#### WHAT IS REQUIRED
Apart from the pictures, print the data below exactly as given.

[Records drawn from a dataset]

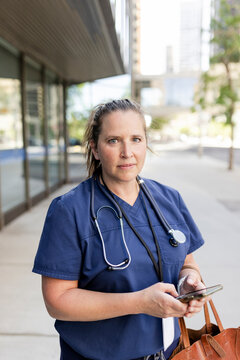 Portrait Of Nurse Holding Phone On Sidewalk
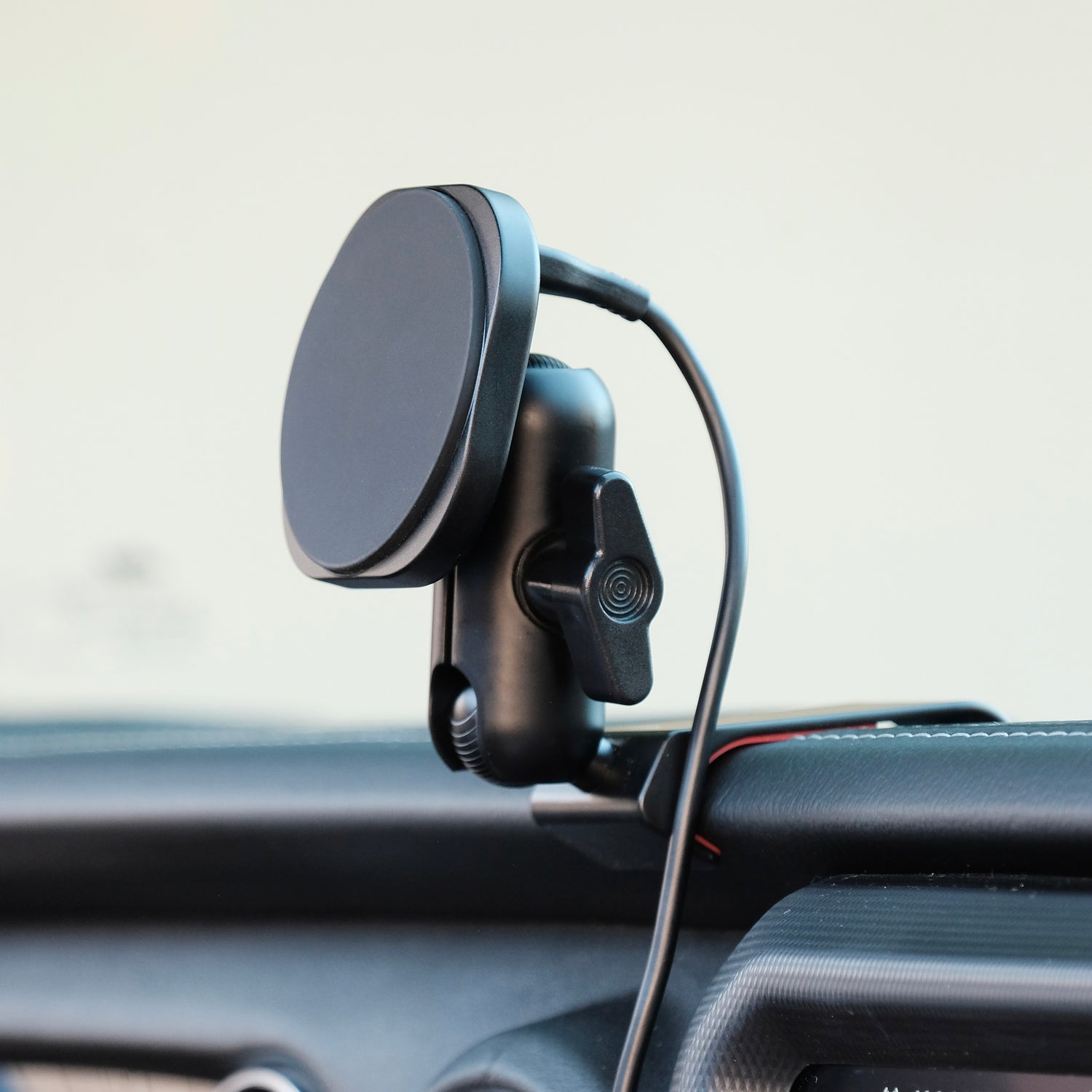 Image of Offroam MagSafe-compatible Phone Mount installed securely in Jeep Wrangler 2018-2023 | Gladiator 2019-2023. This premium phone mount installs easily without drilling or glue. High force magnets hold phone on any trail, road, or track. Perfect placement without blocking screens, driver view, or air flow. Fully adjustable positioning.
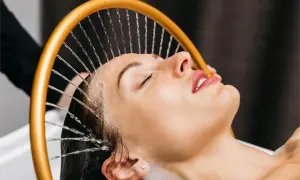 Mujer disfrutando de un relajante spa para cabello con agua cayendo sobre su rostro.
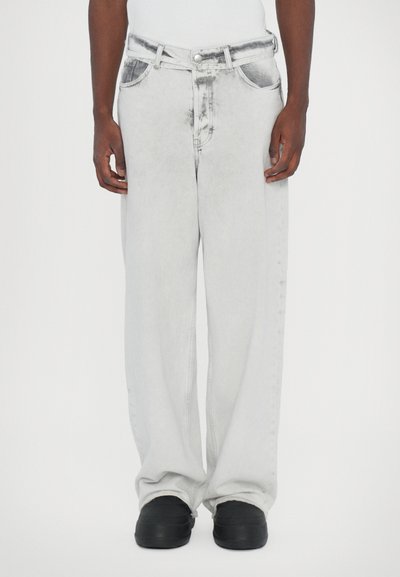 Light gray oversized denim jeans with a faded finish, five pockets, and a button-fly closure. Thick fabric with a smooth texture.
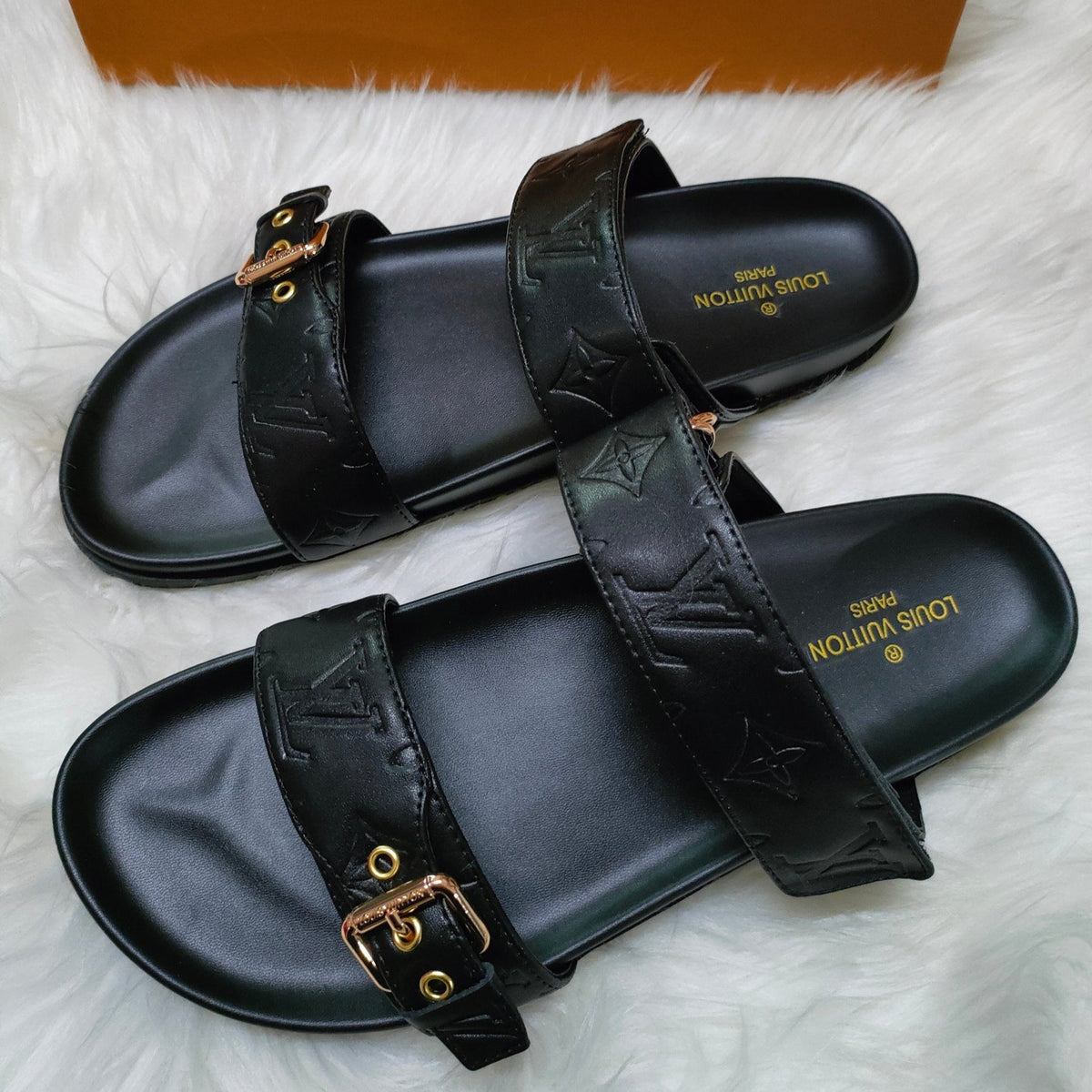 LV LOCK IT SANDALS IN BLACK EMBOSSED CALFSKIN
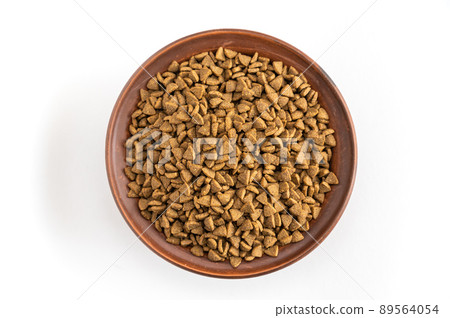 Pet food. Dry pelleted food in a brown clay bowl against a white background. The pellets are triangular in shape. 89564054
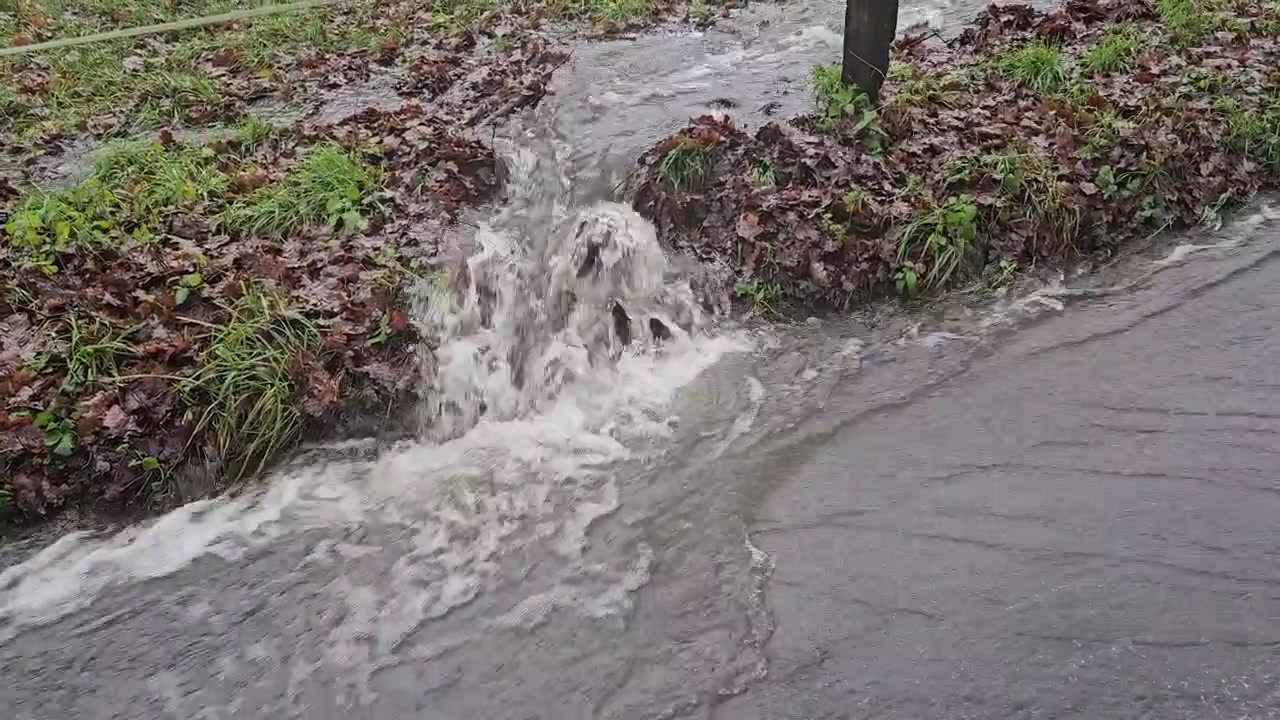 Floodwater from heavy rainfall gushing from a grassy bank and flowing rapidly onto a street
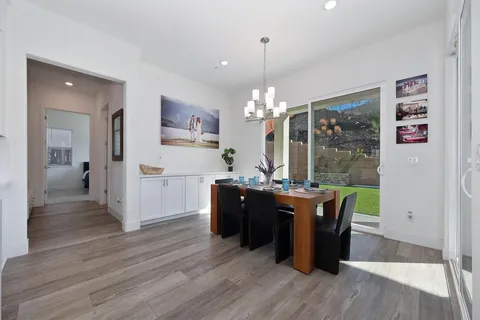 a bathroom with a double vanity sink toilet and a mirror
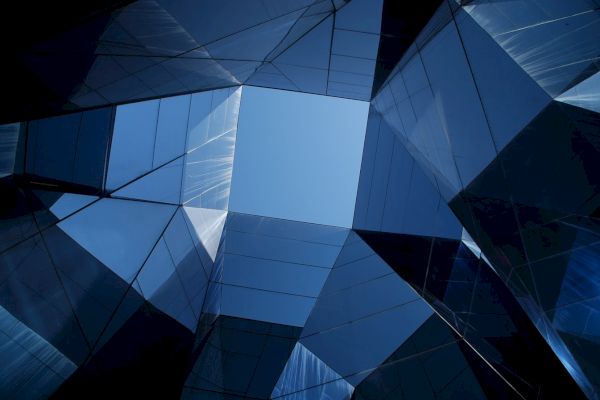 The image shows a geometric architectural structure made of reflective glass panels with a view of the sky in the center.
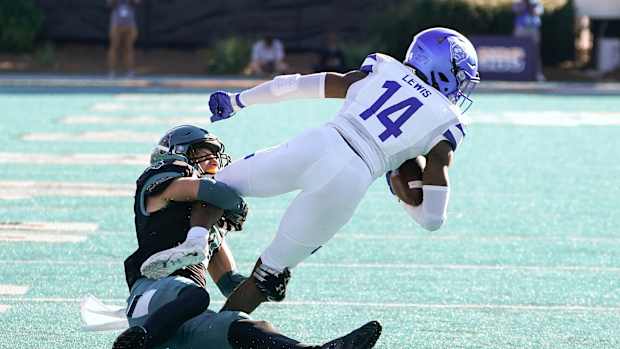 Nov 13, 2021; Conway, South Carolina, USA; Coastal Carolina Chanticleers cornerback Alex Spillum (10) tackles Georgia State Panthers Robert Lewis (14) at Brooks Stadium. Mandatory Credit: David Yeazell-USA TODAY Sports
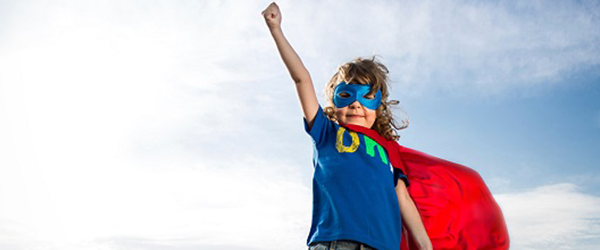 Child dressed as super hero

#### SOLUTION TO THIS EXERCISE
 Portrait Of Nurse Holding Phone On Sidewalk
 Image of Offroam MagSafe-compatible Phone Mount installed securely in Jeep Wrangler 2018-2023 | Gladiator 2019-2023. This premium phone mount installs easily without drilling or glue. High force magnets hold phone on any trail, road, or track. Perfect placement without blocking screens, driver view, or air flow. Fully adjustable positioning.
 Mujer disfrutando de un relajante spa para cabello con agua cayendo sobre su rostro.
 Light gray oversized denim jeans with a faded finish, five pockets, and a button-fly closure. Thick fabric with a smooth texture.
 LV LOCK IT SANDALS IN BLACK EMBOSSED CALFSKIN
 Pet food. Dry pelleted food in a brown clay bowl against a white background. The pellets are triangular in shape. 89564054
 Floodwater from heavy rainfall gushing from a grassy bank and flowing rapidly onto a street
 a bathroom with a double vanity sink toilet and a mirror
 The image shows a geometric architectural structure made of reflective glass panels with a view of the sky in the center.
 Nov 13, 2021; Conway, South Carolina, USA; Coastal Carolina Chanticleers cornerback Alex Spillum (10) tackles Georgia State Panthers Robert Lewis (14) at Brooks Stadium. Mandatory Credit: David Yeazell-USA TODAY Sports
 Child dressed as super hero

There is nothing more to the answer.